INFORMATION SHOWN:
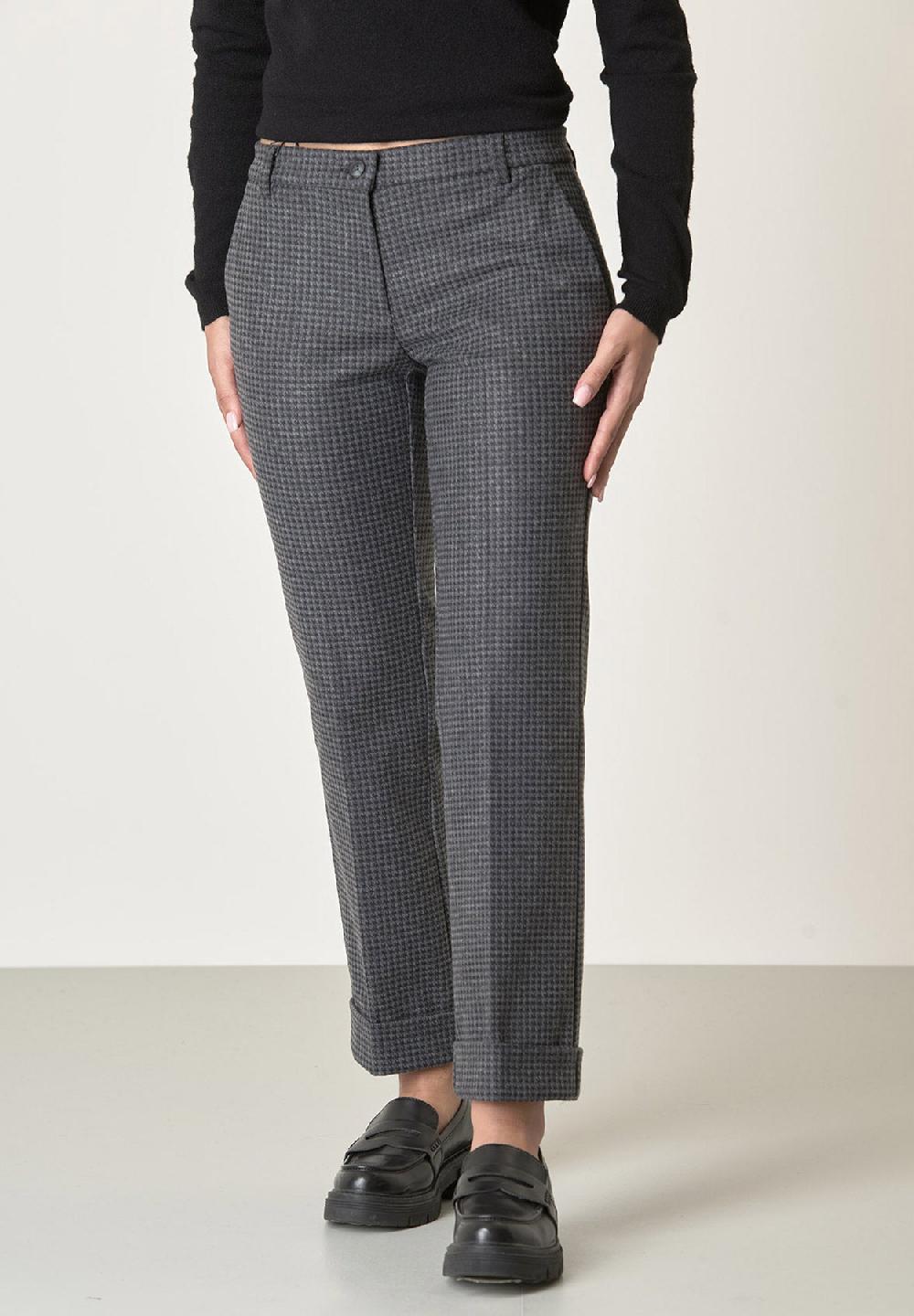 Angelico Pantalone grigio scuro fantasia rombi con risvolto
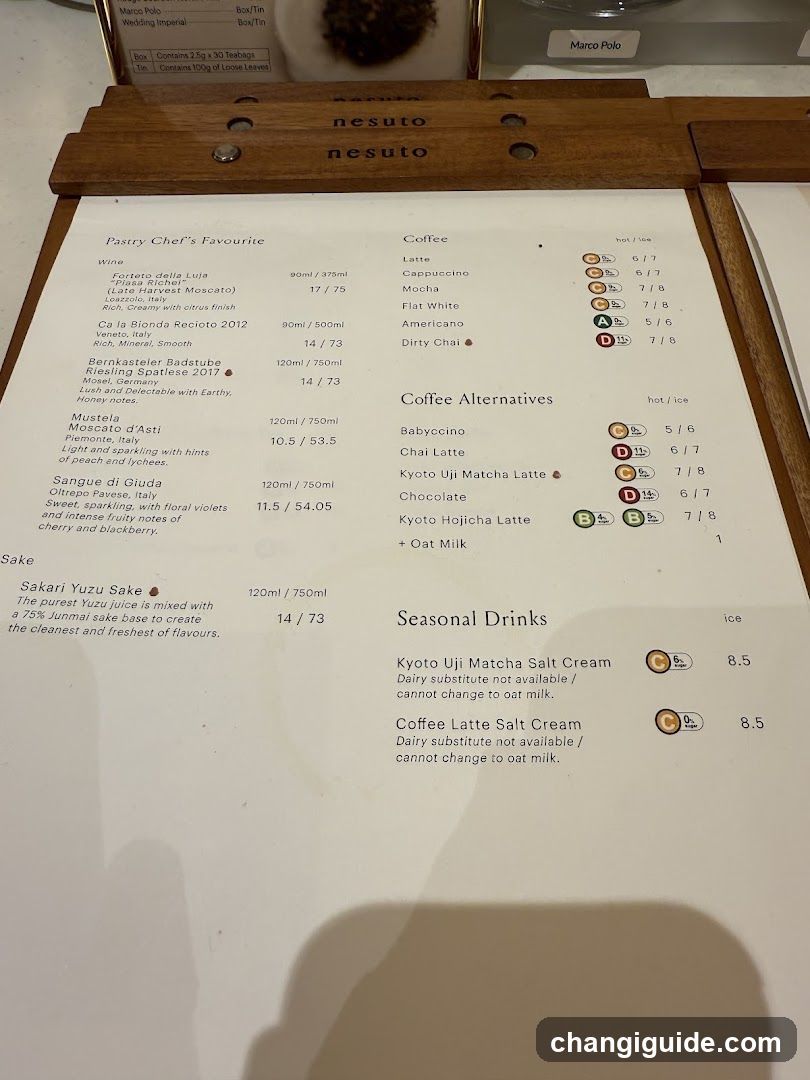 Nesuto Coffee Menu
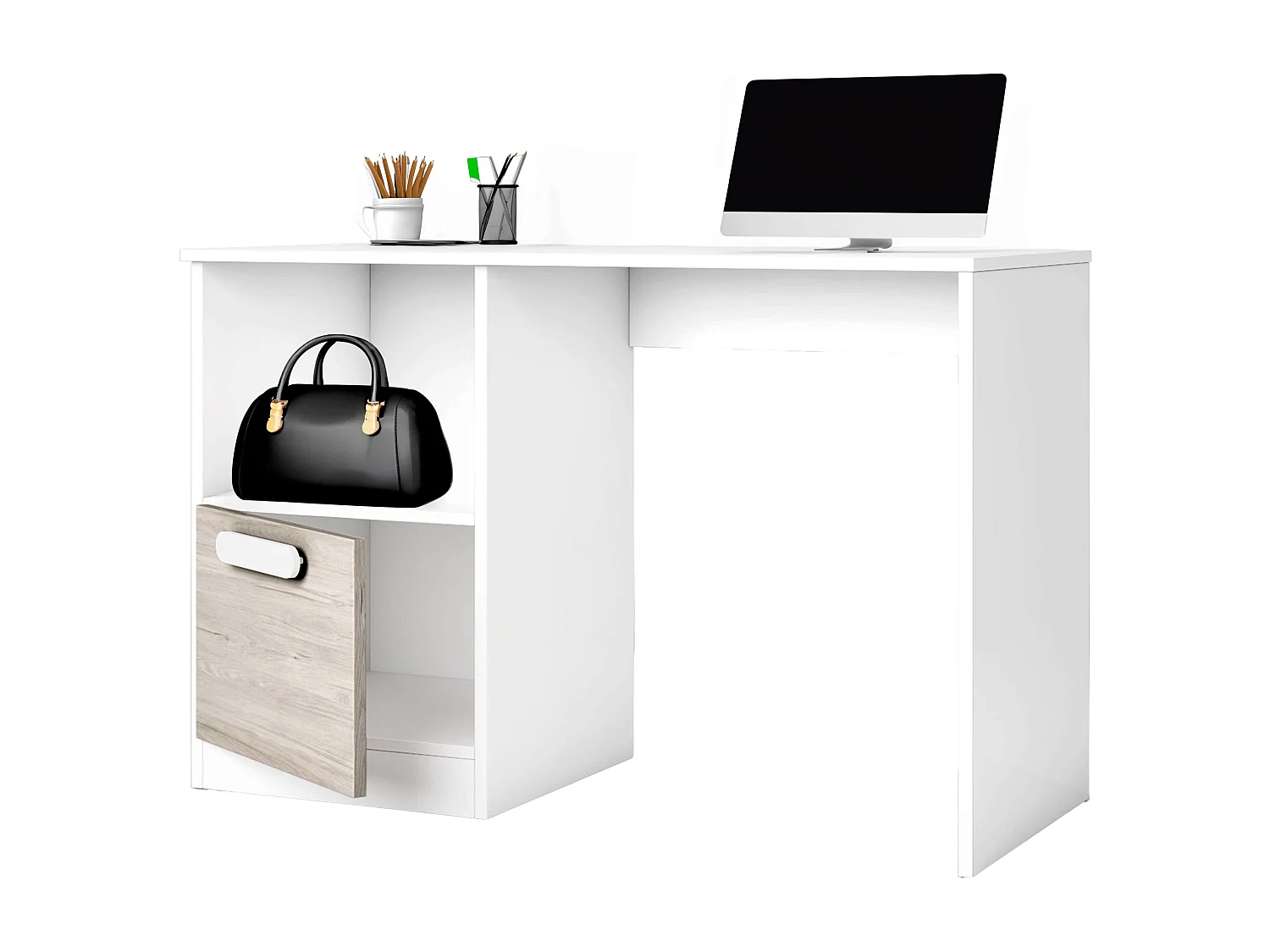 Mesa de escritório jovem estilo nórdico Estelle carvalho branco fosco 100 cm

* * *

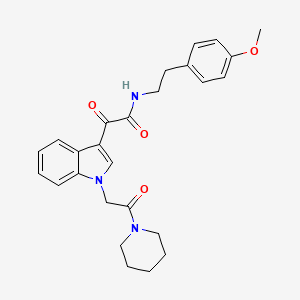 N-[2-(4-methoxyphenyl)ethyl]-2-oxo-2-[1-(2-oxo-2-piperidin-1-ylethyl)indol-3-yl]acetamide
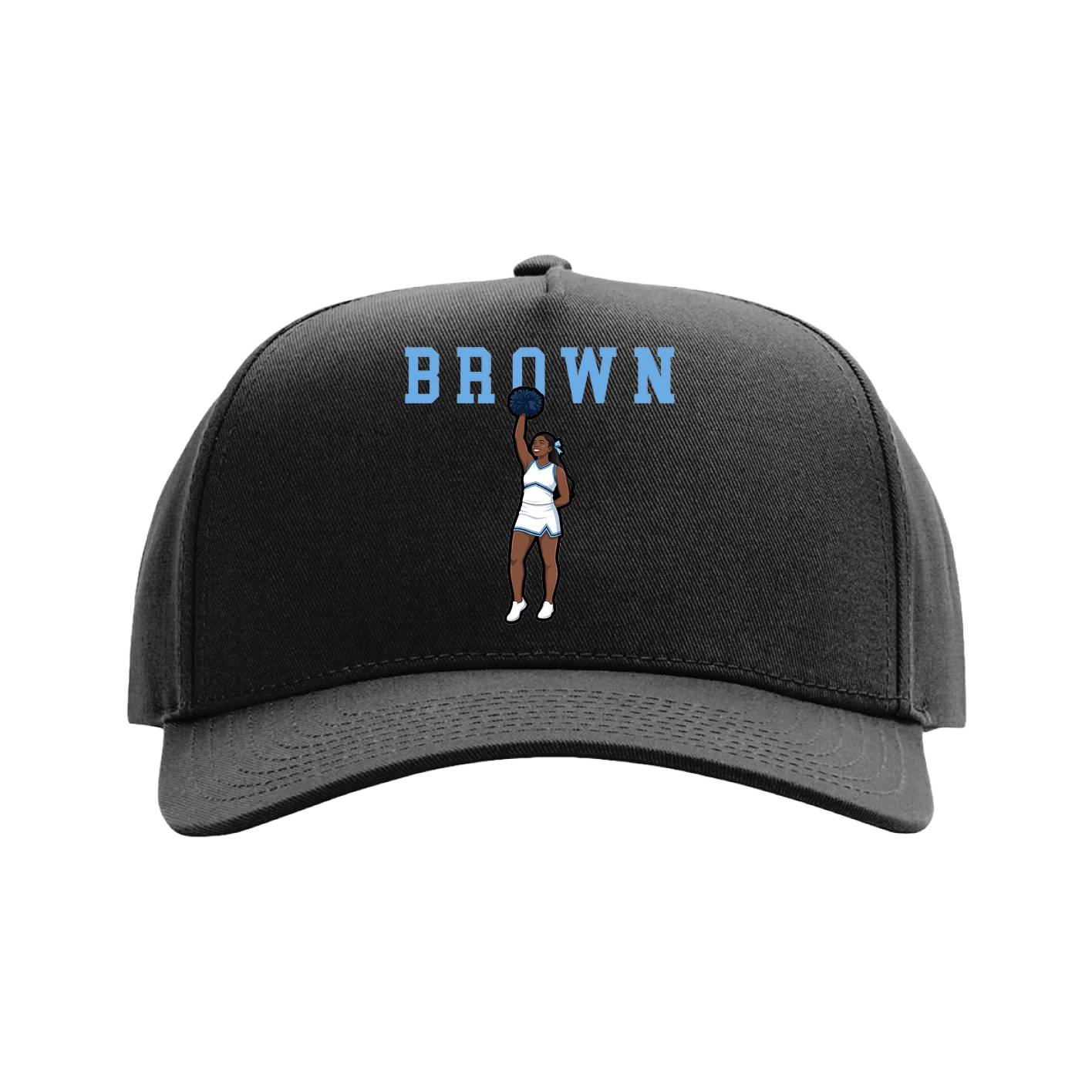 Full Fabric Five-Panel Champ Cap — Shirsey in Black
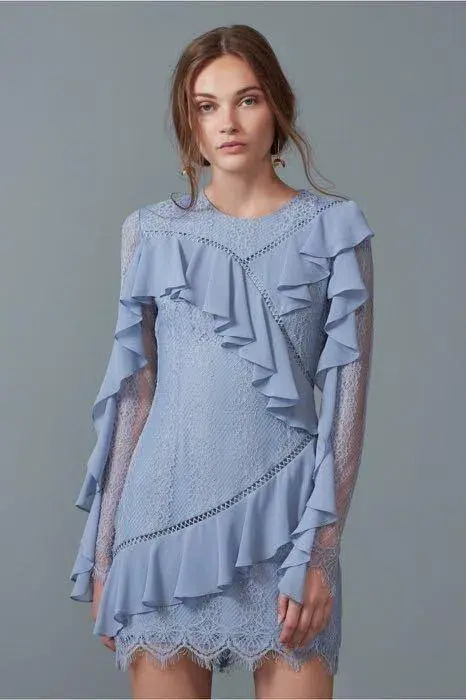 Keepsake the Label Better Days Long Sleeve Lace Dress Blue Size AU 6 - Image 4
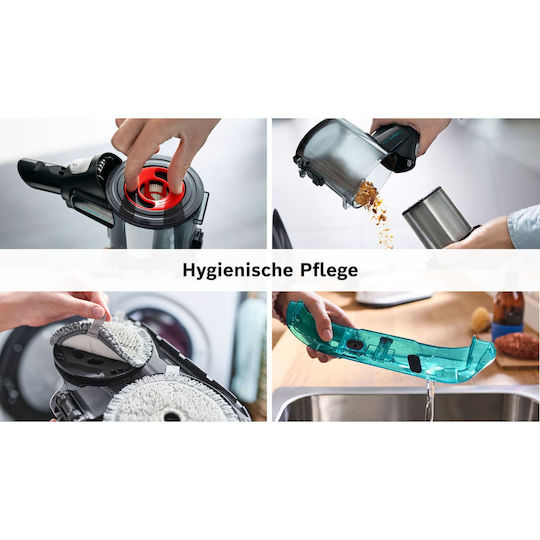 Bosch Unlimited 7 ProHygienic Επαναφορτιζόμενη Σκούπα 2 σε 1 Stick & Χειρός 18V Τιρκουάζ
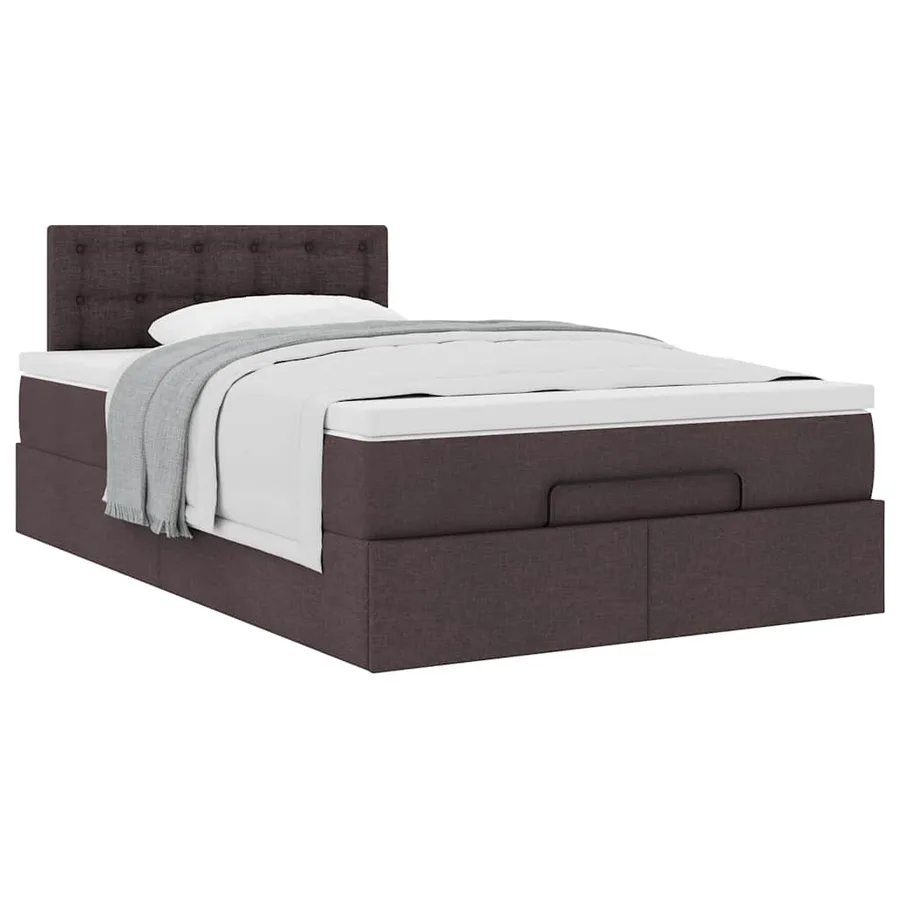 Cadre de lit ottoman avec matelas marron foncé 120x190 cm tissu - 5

WORK REQUEST: Begin at the line in the entries above that has "Nesuto Coffee Menu", stop after the line that has "Mesa de escritório", and output exactly those lines without pictures.

RESULT OF THIS TASK:
 Nesuto Coffee Menu
 Mesa de escritório jovem estilo nórdico Estelle carvalho branco fosco 100 cm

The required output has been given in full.